_Task input_
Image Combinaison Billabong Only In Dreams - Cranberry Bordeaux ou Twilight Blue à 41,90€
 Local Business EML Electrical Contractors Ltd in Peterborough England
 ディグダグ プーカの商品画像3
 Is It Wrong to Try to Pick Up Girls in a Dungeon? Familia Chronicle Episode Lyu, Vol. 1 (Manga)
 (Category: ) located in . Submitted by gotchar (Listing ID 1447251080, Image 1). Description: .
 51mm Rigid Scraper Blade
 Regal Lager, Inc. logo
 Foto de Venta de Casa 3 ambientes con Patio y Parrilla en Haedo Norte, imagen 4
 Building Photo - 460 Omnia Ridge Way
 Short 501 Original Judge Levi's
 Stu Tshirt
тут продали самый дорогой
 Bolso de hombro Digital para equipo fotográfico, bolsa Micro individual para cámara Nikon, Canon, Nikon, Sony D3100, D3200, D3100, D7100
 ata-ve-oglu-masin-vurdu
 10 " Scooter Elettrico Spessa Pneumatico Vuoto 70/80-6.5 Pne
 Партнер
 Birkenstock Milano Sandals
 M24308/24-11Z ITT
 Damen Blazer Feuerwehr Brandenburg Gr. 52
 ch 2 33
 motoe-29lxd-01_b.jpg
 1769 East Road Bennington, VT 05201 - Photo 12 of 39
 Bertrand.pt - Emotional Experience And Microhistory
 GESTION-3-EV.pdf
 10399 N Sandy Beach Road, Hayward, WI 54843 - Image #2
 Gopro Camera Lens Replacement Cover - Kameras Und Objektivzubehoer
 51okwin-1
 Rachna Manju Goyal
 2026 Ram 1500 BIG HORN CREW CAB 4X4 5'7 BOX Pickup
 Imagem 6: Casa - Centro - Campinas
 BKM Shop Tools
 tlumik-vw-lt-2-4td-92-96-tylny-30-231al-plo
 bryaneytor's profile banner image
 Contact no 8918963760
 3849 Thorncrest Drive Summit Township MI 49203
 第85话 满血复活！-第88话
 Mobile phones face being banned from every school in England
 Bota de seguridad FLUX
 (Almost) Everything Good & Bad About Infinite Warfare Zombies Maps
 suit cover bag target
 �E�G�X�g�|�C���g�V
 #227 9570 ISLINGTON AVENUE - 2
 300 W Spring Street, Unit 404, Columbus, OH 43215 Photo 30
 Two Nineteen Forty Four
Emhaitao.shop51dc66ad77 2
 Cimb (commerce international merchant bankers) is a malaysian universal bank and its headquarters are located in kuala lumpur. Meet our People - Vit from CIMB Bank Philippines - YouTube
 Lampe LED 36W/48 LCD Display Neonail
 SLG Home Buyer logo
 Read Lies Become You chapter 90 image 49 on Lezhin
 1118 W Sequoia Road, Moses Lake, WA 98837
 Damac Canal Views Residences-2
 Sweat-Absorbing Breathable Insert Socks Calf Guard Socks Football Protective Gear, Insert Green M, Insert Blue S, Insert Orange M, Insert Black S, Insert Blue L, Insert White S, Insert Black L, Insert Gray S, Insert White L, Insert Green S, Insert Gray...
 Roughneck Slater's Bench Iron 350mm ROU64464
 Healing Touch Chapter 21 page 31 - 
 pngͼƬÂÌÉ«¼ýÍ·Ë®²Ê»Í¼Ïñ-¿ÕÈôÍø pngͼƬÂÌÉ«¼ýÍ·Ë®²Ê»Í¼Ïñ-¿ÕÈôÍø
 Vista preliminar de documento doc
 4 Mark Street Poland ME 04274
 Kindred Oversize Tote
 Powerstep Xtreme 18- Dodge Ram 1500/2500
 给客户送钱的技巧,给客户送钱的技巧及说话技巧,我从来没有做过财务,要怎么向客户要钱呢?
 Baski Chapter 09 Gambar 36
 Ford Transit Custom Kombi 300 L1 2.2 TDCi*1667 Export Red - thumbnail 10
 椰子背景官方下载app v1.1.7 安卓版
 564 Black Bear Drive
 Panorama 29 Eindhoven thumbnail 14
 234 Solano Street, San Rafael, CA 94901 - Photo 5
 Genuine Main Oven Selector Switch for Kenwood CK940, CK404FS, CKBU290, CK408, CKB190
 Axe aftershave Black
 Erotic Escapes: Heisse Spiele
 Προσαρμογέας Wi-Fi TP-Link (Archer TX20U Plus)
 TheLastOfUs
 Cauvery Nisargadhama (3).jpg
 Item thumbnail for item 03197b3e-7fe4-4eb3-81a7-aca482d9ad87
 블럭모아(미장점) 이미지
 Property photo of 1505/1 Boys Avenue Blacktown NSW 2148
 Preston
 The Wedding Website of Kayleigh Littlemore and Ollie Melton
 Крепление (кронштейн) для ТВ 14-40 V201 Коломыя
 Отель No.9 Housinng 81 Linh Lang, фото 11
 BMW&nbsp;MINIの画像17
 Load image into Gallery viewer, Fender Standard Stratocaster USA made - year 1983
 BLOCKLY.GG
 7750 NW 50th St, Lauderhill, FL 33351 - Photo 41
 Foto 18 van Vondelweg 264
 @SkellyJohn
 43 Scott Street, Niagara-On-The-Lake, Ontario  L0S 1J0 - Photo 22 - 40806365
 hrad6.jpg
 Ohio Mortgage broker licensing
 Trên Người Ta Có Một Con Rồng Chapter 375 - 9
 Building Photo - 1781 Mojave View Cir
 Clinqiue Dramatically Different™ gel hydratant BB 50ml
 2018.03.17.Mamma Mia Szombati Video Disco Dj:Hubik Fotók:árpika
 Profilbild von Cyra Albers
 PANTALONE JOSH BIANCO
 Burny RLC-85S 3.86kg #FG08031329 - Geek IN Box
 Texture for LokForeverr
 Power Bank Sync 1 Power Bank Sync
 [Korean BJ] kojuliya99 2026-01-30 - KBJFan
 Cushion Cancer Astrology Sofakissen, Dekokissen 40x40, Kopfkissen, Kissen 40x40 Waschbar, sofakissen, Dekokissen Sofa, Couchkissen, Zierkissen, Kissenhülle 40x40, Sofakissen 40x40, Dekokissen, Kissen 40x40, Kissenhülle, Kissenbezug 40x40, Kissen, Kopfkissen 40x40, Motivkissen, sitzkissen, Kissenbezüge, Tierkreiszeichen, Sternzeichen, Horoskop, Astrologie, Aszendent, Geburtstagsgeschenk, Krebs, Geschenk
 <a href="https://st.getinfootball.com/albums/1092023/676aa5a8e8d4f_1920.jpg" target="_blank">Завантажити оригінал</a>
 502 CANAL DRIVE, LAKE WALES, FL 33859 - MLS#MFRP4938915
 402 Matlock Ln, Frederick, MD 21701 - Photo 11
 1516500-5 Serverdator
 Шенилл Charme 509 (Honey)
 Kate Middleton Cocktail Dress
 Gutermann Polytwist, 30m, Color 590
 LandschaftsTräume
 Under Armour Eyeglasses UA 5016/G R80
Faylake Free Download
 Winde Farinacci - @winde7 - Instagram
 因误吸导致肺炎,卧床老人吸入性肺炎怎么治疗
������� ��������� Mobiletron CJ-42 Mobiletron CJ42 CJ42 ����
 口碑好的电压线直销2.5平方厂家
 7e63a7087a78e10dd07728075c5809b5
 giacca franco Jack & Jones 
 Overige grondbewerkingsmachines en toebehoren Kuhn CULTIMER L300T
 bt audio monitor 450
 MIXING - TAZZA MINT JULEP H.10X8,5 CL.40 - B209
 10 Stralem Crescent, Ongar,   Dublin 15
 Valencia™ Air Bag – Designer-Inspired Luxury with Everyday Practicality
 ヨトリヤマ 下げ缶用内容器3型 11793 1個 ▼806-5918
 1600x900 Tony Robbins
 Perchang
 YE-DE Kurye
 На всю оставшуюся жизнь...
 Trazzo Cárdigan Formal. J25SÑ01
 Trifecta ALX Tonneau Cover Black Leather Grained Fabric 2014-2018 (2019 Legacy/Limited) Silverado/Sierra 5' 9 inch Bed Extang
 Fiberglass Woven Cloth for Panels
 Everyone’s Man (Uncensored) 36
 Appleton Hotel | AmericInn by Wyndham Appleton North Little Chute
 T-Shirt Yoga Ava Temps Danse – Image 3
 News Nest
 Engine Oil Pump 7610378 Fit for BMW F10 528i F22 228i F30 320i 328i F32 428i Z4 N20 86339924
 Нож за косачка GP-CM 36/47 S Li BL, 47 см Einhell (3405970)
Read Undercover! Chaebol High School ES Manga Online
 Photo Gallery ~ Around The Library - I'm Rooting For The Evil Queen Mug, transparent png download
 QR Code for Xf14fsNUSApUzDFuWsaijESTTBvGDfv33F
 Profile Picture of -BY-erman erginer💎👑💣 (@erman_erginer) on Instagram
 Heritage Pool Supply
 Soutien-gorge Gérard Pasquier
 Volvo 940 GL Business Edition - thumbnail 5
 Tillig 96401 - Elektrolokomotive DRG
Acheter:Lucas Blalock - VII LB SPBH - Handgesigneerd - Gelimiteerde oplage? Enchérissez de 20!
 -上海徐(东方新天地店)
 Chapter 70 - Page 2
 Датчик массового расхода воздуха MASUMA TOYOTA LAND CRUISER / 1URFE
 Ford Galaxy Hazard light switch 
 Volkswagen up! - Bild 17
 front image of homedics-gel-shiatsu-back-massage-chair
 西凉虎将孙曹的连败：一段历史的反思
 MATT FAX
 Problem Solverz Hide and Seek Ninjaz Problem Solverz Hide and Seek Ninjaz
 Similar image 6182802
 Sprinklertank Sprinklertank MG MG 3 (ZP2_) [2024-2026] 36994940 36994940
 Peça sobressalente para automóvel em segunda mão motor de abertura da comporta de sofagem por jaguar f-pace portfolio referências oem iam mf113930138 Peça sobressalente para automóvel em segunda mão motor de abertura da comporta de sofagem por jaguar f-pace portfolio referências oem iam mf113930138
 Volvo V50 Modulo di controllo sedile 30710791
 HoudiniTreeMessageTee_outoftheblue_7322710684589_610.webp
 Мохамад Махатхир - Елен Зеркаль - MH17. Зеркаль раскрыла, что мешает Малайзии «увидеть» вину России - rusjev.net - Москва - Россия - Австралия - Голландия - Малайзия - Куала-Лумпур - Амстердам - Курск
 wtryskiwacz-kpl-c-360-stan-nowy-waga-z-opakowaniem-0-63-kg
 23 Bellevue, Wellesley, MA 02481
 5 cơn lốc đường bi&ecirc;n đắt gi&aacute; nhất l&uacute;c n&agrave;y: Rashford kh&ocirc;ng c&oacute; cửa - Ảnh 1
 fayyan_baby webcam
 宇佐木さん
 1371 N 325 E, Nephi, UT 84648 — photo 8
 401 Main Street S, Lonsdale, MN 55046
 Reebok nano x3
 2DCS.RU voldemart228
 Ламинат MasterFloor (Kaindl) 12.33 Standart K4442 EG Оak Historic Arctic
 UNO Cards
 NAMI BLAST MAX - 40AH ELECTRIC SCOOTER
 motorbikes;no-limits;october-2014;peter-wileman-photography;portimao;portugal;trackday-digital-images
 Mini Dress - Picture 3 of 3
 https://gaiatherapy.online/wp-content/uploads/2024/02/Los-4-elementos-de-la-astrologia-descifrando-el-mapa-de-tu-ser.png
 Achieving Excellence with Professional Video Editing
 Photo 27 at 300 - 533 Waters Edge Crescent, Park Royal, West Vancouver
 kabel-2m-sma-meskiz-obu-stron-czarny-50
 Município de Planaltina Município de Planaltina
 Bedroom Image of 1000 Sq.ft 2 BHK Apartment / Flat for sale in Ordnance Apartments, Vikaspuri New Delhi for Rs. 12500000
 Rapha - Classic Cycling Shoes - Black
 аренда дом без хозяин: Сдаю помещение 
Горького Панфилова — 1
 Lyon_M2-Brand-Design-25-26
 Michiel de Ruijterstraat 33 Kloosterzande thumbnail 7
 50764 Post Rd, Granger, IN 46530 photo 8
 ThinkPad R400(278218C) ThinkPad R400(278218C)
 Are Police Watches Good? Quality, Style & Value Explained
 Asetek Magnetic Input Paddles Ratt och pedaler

_Work item_
Only one part of the material above is to be transcribed, namely the lines starting with the line that has "Profilbild von Cyra Albers" and going on through the line that has "На всю оставшуюся жизнь...", exactly as they stand.

_Written solution_
 Profilbild von Cyra Albers
 PANTALONE JOSH BIANCO
 Burny RLC-85S 3.86kg #FG08031329 - Geek IN Box
 Texture for LokForeverr
 Power Bank Sync 1 Power Bank Sync
 [Korean BJ] kojuliya99 2026-01-30 - KBJFan
 Cushion Cancer Astrology Sofakissen, Dekokissen 40x40, Kopfkissen, Kissen 40x40 Waschbar, sofakissen, Dekokissen Sofa, Couchkissen, Zierkissen, Kissenhülle 40x40, Sofakissen 40x40, Dekokissen, Kissen 40x40, Kissenhülle, Kissenbezug 40x40, Kissen, Kopfkissen 40x40, Motivkissen, sitzkissen, Kissenbezüge, Tierkreiszeichen, Sternzeichen, Horoskop, Astrologie, Aszendent, Geburtstagsgeschenk, Krebs, Geschenk
 <a href="https://st.getinfootball.com/albums/1092023/676aa5a8e8d4f_1920.jpg" target="_blank">Завантажити оригінал</a>
 502 CANAL DRIVE, LAKE WALES, FL 33859 - MLS#MFRP4938915
 402 Matlock Ln, Frederick, MD 21701 - Photo 11
 1516500-5 Serverdator
 Шенилл Charme 509 (Honey)
 Kate Middleton Cocktail Dress
 Gutermann Polytwist, 30m, Color 590
 LandschaftsTräume
 Under Armour Eyeglasses UA 5016/G R80
Faylake Free Download
 Winde Farinacci - @winde7 - Instagram
 因误吸导致肺炎,卧床老人吸入性肺炎怎么治疗
������� ��������� Mobiletron CJ-42 Mobiletron CJ42 CJ42 ����
 口碑好的电压线直销2.5平方厂家
 7e63a7087a78e10dd07728075c5809b5
 giacca franco Jack & Jones 
 Overige grondbewerkingsmachines en toebehoren Kuhn CULTIMER L300T
 bt audio monitor 450
 MIXING - TAZZA MINT JULEP H.10X8,5 CL.40 - B209
 10 Stralem Crescent, Ongar,   Dublin 15
 Valencia™ Air Bag – Designer-Inspired Luxury with Everyday Practicality
 ヨトリヤマ 下げ缶用内容器3型 11793 1個 ▼806-5918
 1600x900 Tony Robbins
 Perchang
 YE-DE Kurye
 На всю оставшуюся жизнь...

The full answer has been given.